Task prompt
Examine the listing below and state how many of its lines contain the word "Poliammide". Write only the number.
The data below:
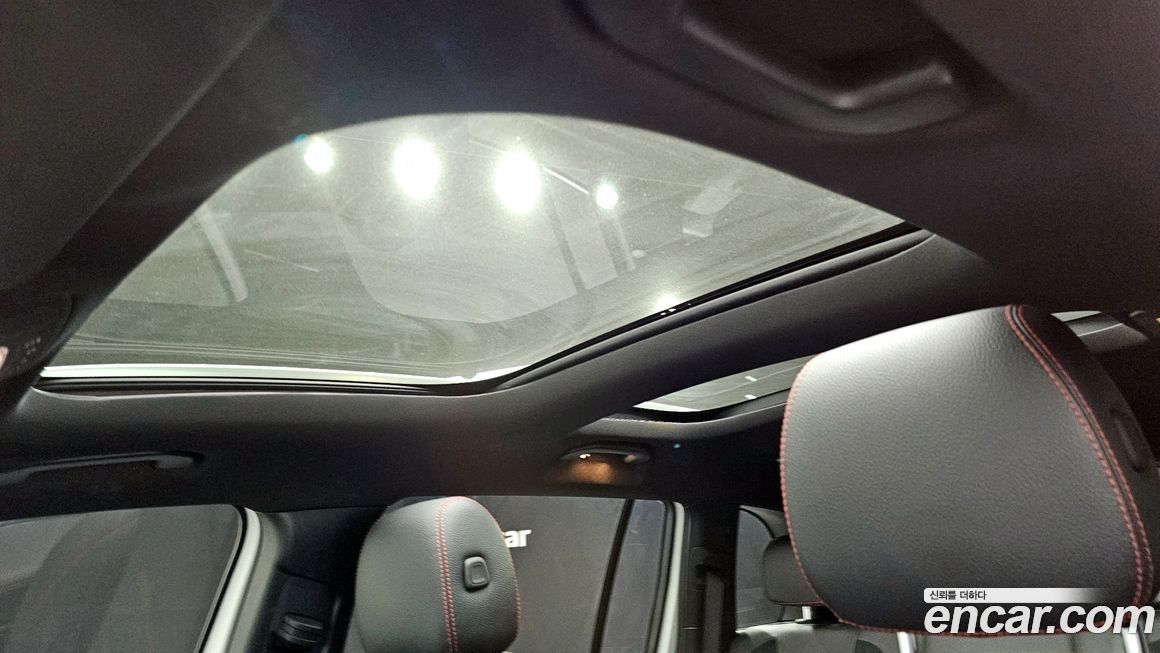 Mercedes-Benz GLB-Class 2021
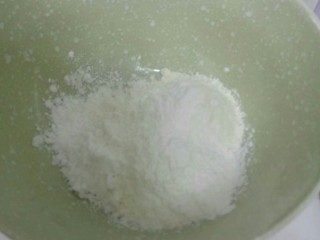 3、不用洗面的西红柿凉皮,所有粉类倒入碗里。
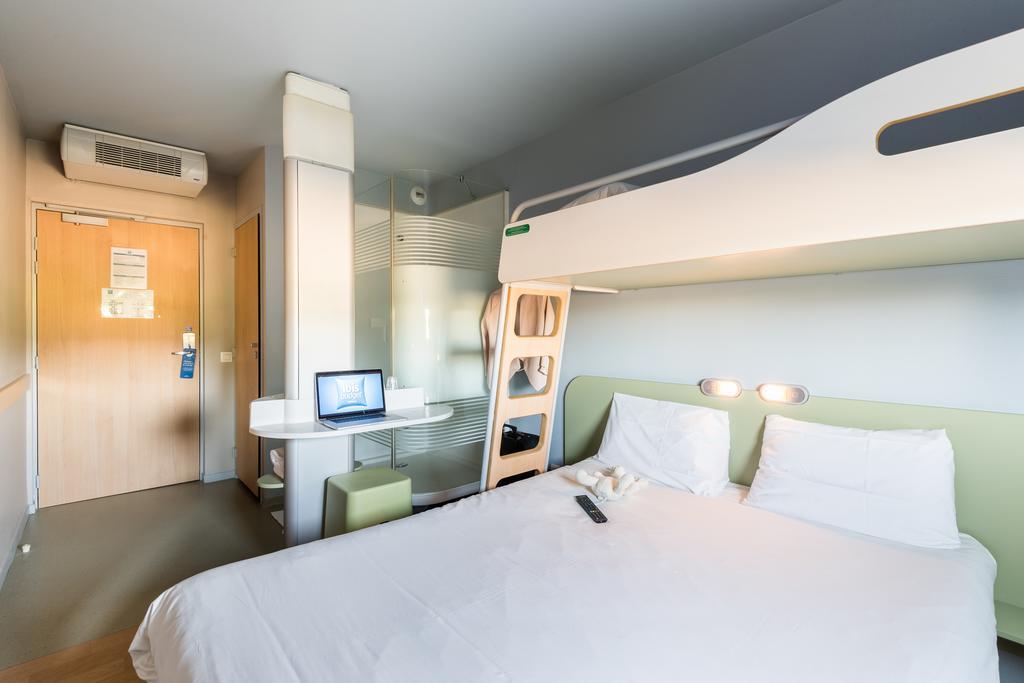 Ibis Budget Amberieu En Bugey/Chateau Gaillard A42 Εξωτερικό φωτογραφία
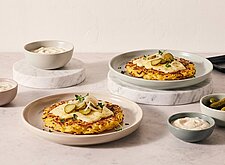 Image of Raclette Reste Rösti mit Pickles und Dip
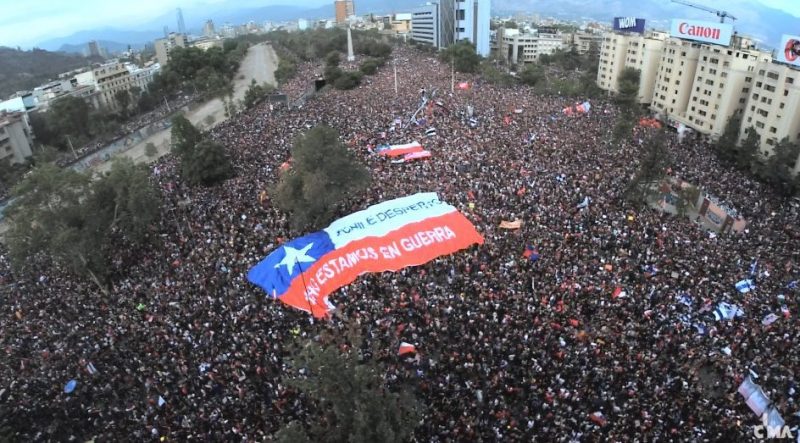 Resultado de imagem para protestos no chile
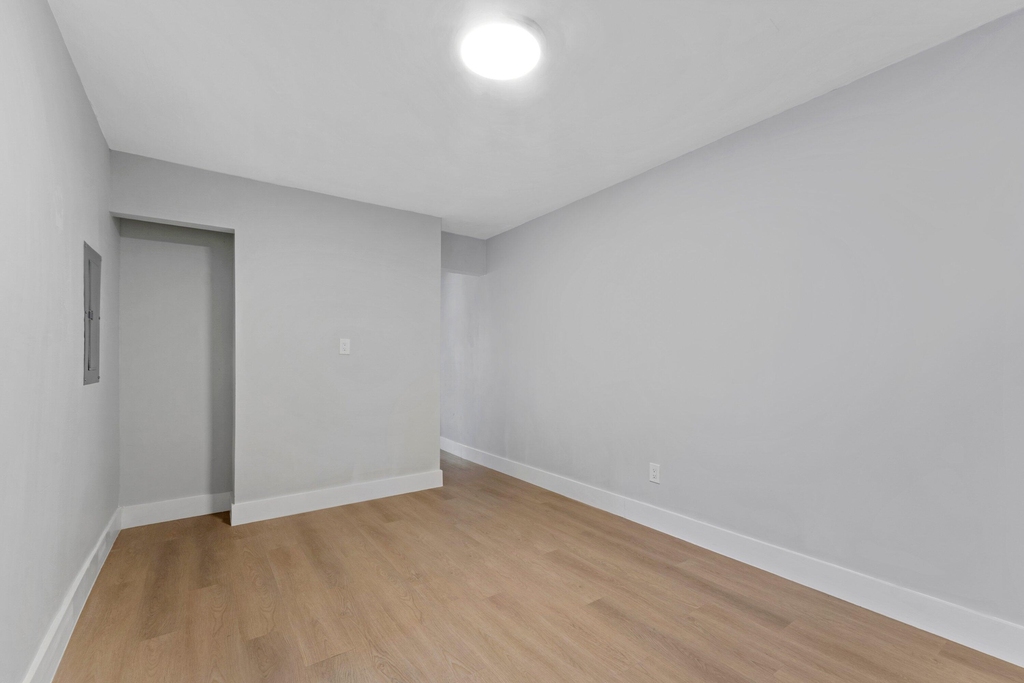 4561 Lake Avenue - Photo 12
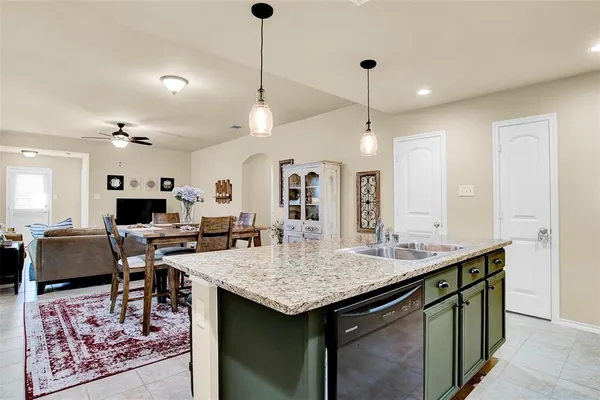 $1,925 | 1405 Diamond Court, Princeton, TX 75407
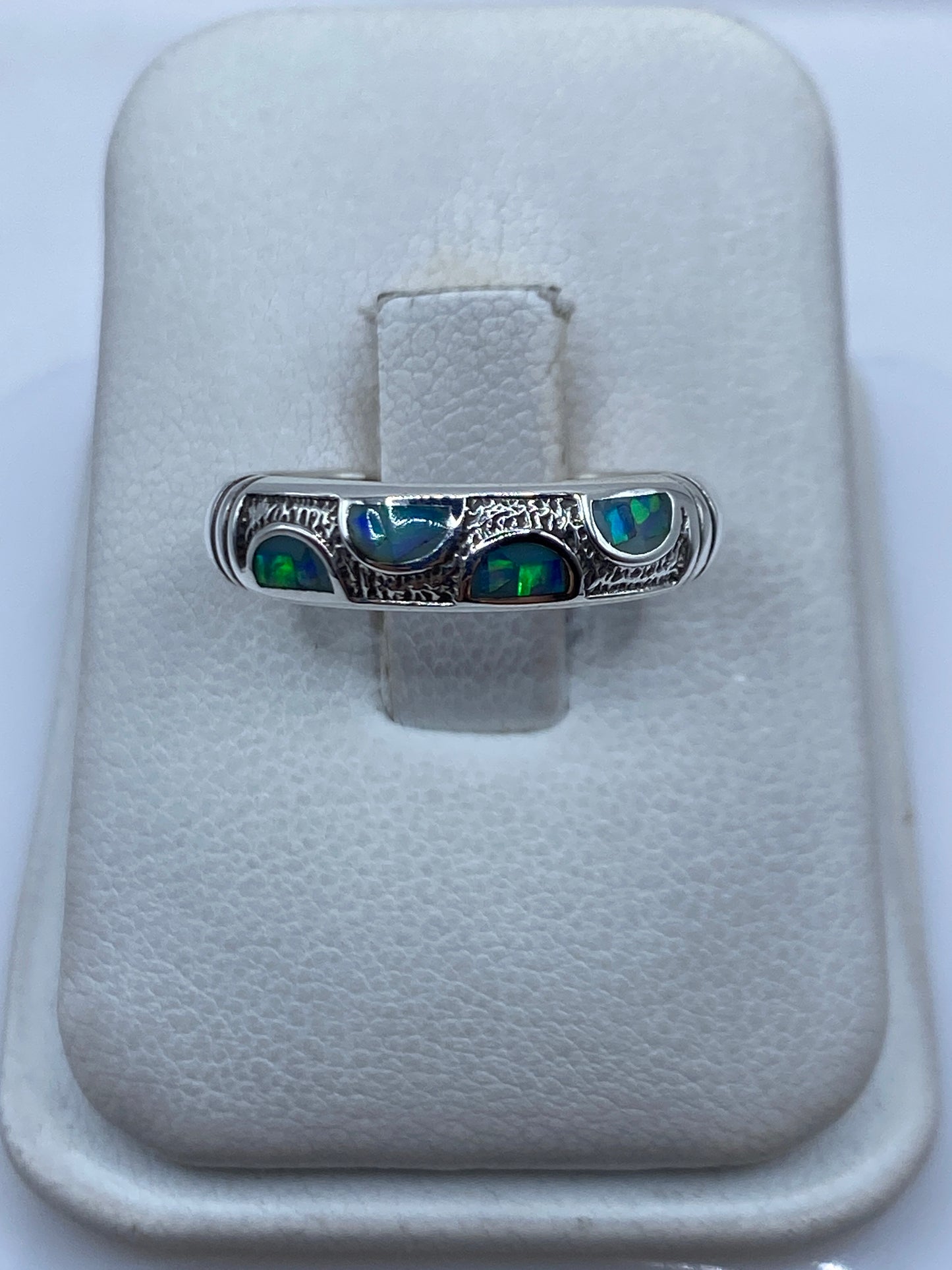 Anillo de plata con ópalo de fuego azul cielo en estuche blanco, vista frontal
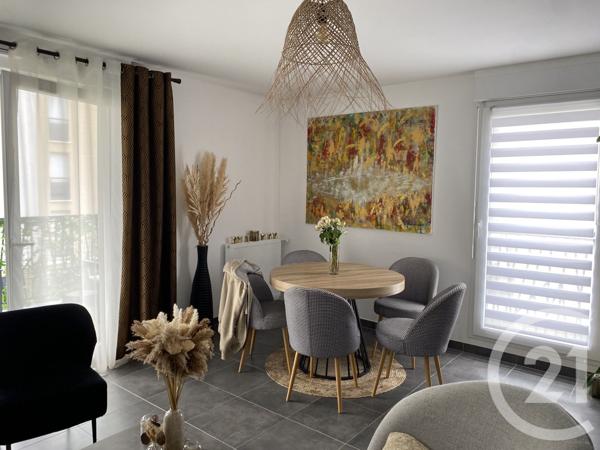 Appartement F4 à vendre  4 pièces - 78 m2 OZOIR LA FERRIERE - 77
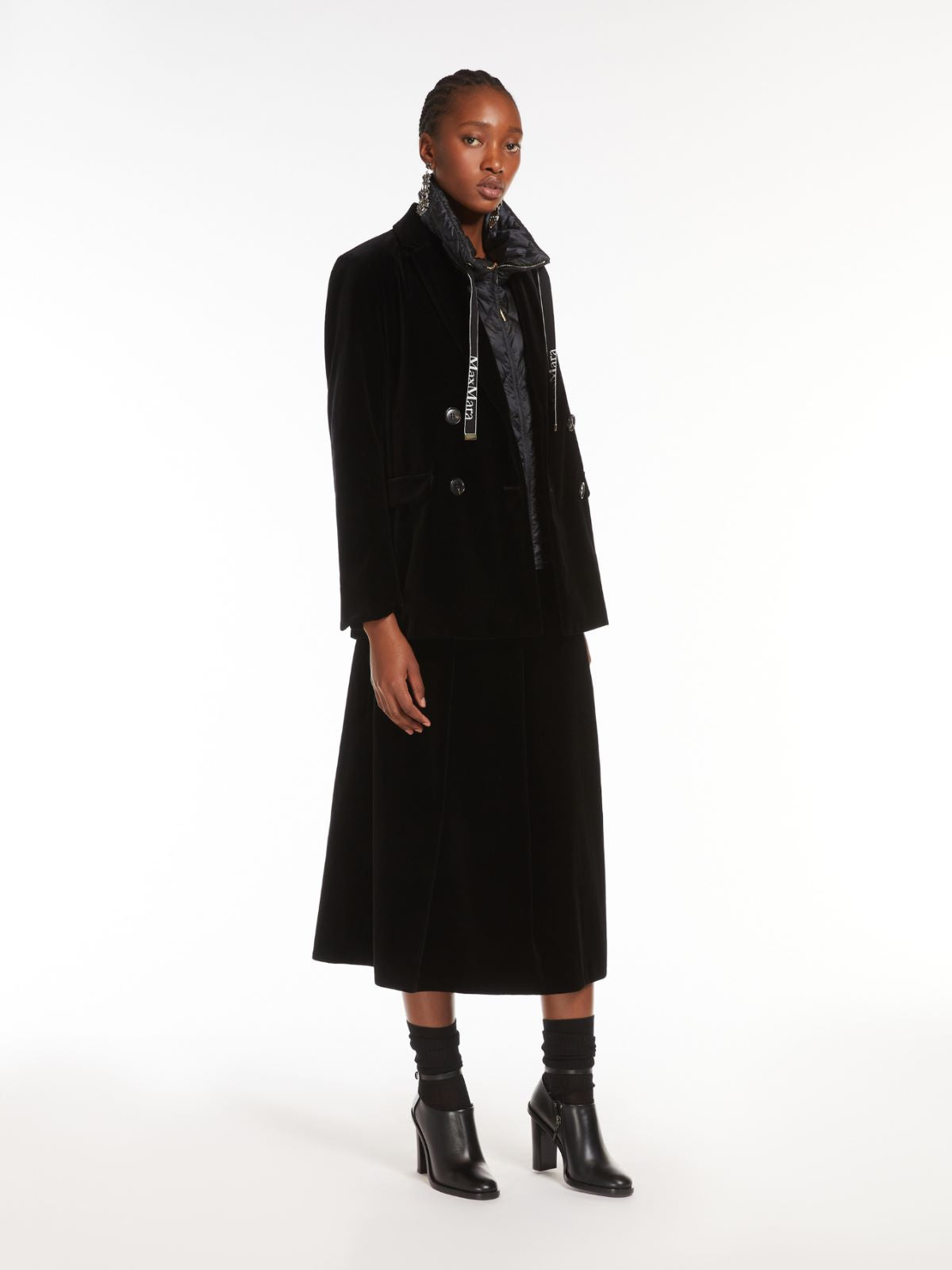 GILET IMBOTTITO
Tessuto 100% Poliammide
Fodera 100% Poliammide
- Decorazioni escluse
Con Imbottitura piumino vergine oca Anser anser
Busta di custodia 100% Poliammide DONNA MAXMARA THE CUBE TREGIC002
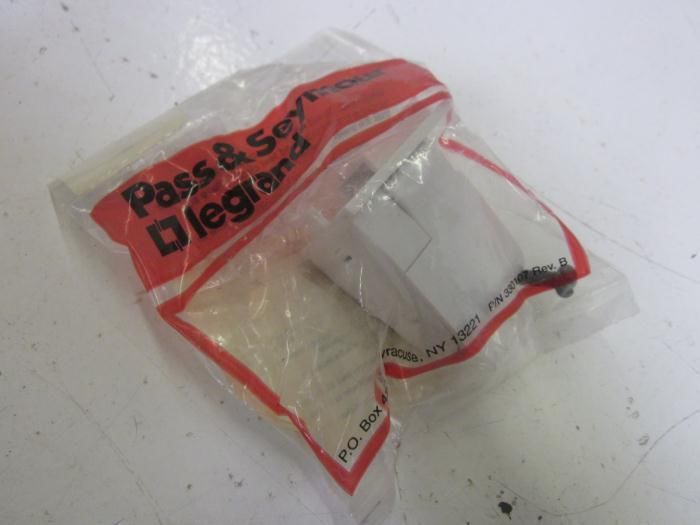 LOT OF 5 PASS & SEYMOUR LEGRAND 2537 *NEW IN FACTORY BAG*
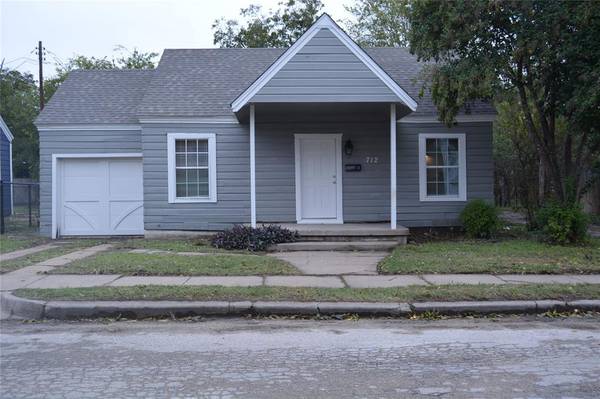 712 Cantey Avenue W, Fort Worth, TX 76110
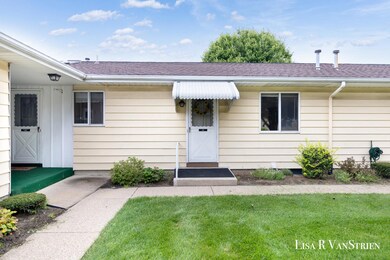 5922 Leisure South Dr SE, Grand Rapids, MI 49548 - photo 2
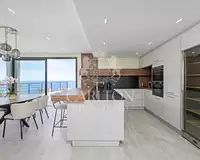 Maison, 195 m²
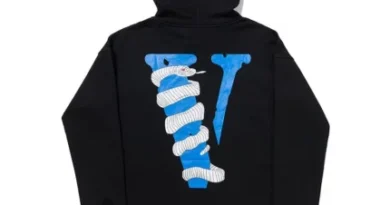 Vlone-Snake-Print-Hommes-Pullover-Hoodie-Black-back-430x430-1.webp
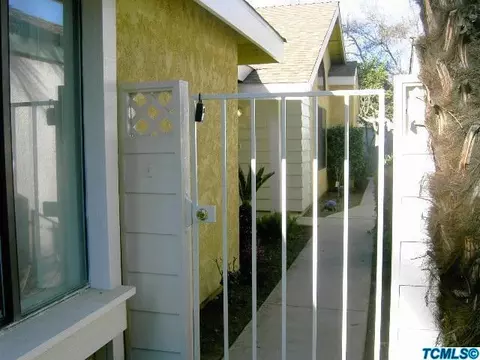1712 E Babcock Ave, Visalia, CA 93292 photo 3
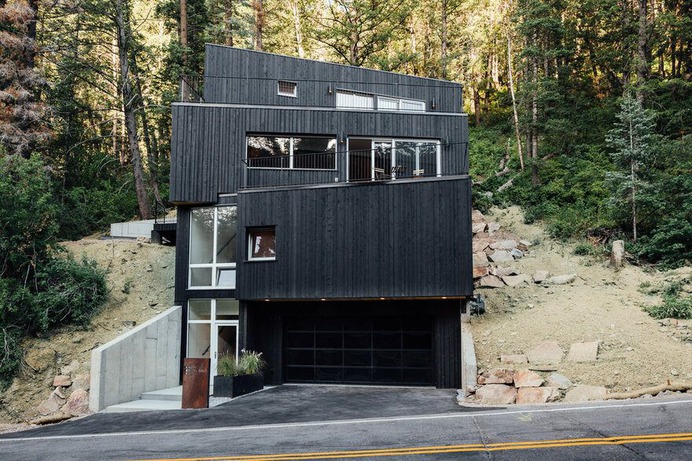 Passiv TreeHaus / Park City Design+Build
End of The data.
Result
3